The magazine as an important cultural icon of our times has considerably diminished. Most magazine brands have struggled to make the transition to the digital world. The excitement that my colleagues and I experienced in building Forbes India is now a thing of the past.
However, over the last five decades, magazines in India have had their share of highs. India Today, Illustrated Weekly, Sunday, Business India and for a short period more recently, The Caravan, captured the public imagination, and many of their in-depth feature articles have remained firmly etched in our memories.

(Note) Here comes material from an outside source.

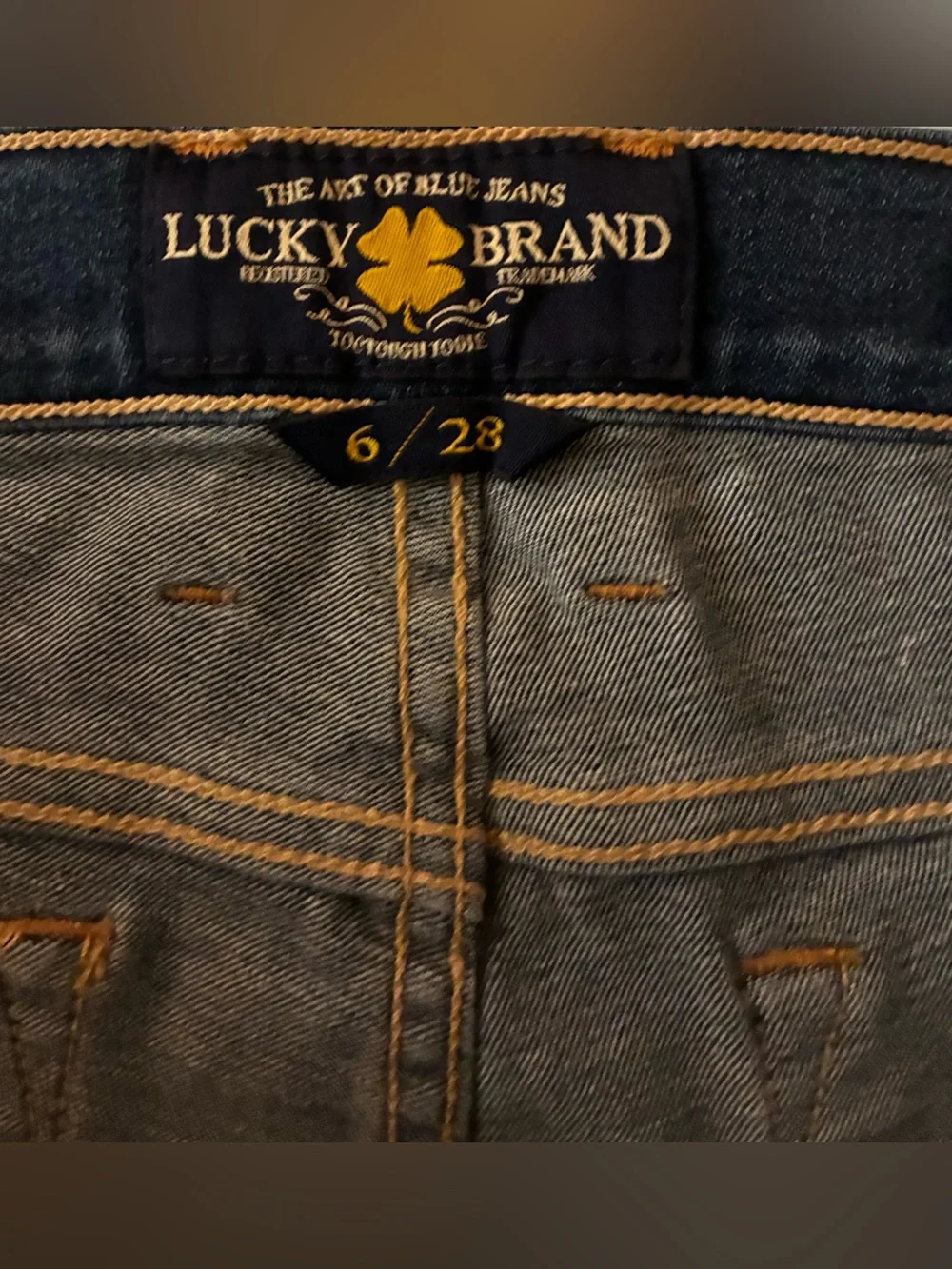 Lucky Brand lucky brand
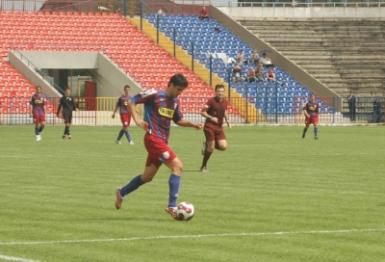 poze fc bihor muresul deva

I was fortunate to be part of two such phases of rejuvenation: One, the remarkable turnaround of Businessworld under maverick editor Tony Joseph. BW was then an also-ran. And it was a last ditch effort to save the magazine. And it turned out to be a miraculous success story. Its reinvention as the magazine of the new economy, the elevated quality of ideas and story-telling were part of the secret sauce. A rival editor later confided that the ideas that BW put on its cover didn’t even come up for discussion at their edit meetings. In 2008, when I started up Forbes India, the business magazine space was almost dead. Publishers were more excited about investing in newspapers and magazines had lost their mojo.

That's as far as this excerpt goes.